# Base size for 40k Fiends of Slaanesh?



## Wimbley (Sep 21, 2009)

I recently acquired some OOP fiends, I do not own any new ones, and I know noone who does. I need these based quick for a tourney, but the ones I bought came with none. What is the legal base size for fiends? Thanks in advance. 

Oh, and plz answer in mm, 'large', 'med' etc doesnt help, hehe.


----------



## wombat_tree (Nov 30, 2008)

The base size for a Fiend of Slaanesh is 40mm. (which for future reference would be medium :biggrin


----------



## Wimbley (Sep 21, 2009)

Your answer makes me a sad panda, but thank you very much, I was hopin to get my shipment underway asap, now I can.

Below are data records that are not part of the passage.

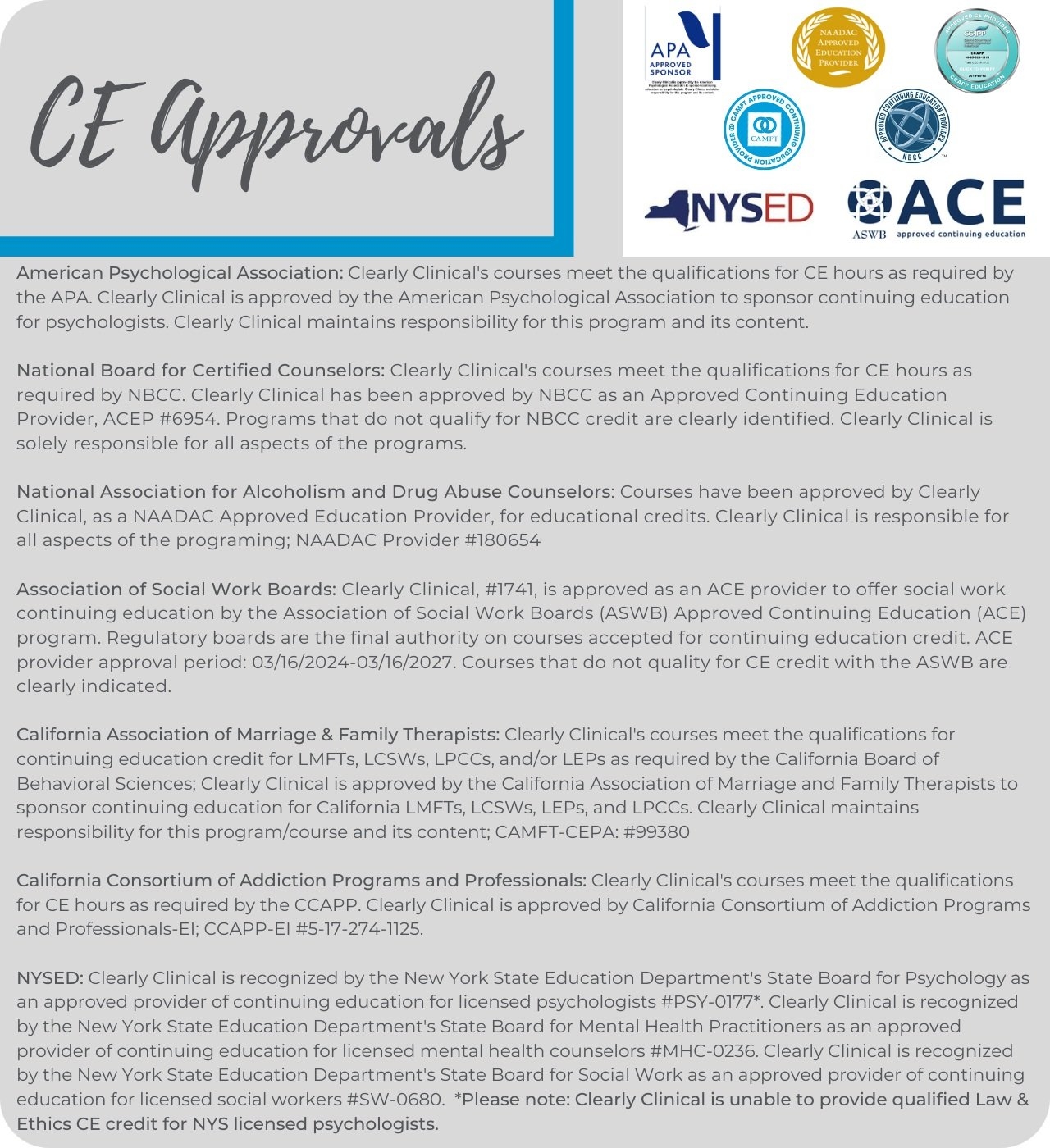 clearly clinical login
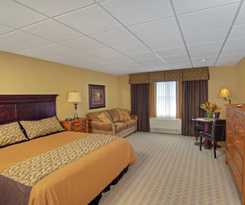Hotel Pointe At Castle Hill Resort
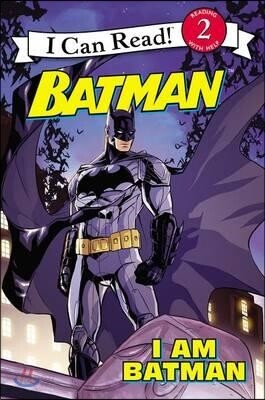 Batman: I Am Batman (Paperback)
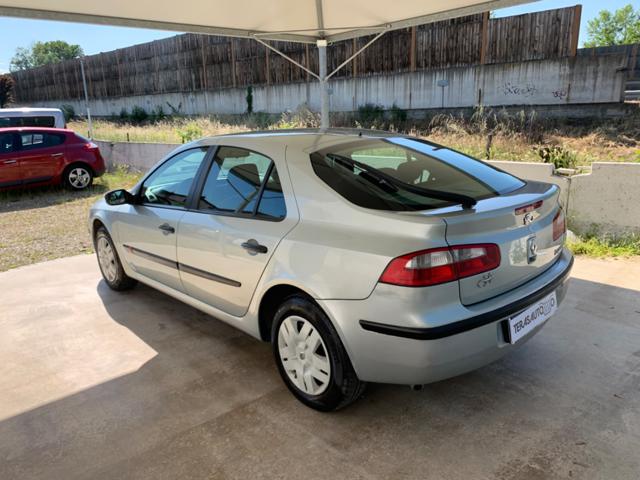 RENAULT Laguna 1.8 16V cat Authentique UNICO PROPRIETARIO BENZINA Immagine 3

It looks like they'd almost fit on a 25mm, and I found 35mm on ebay, but I'm not even sure those are used in 40k.

Anyways, thanks again.


----------



## bitsandkits (Mar 18, 2008)

these are what you need 

http://www.bitsandkits.co.uk/shop/a...SE-(MONSTER).html?shop_param=cid=103&aid=BD3&


----------



## Inquisitor Varrius (Jul 3, 2008)

Or, to put it in Chaos terms, you need termie bases. Sorry you're a sad panda... have you considered bitz swapping someone at your FLGS? Or find someone who's given up LoTR and grab some of their cavalry models, they use the same bases.

Good luck!


----------



## wombat_tree (Nov 30, 2008)

I highly doubt that without modifications they would fit on a 25mm base and even if they did it would look really weird. You do know that you can just buy packs of bases from Games Workshop don't you?


----------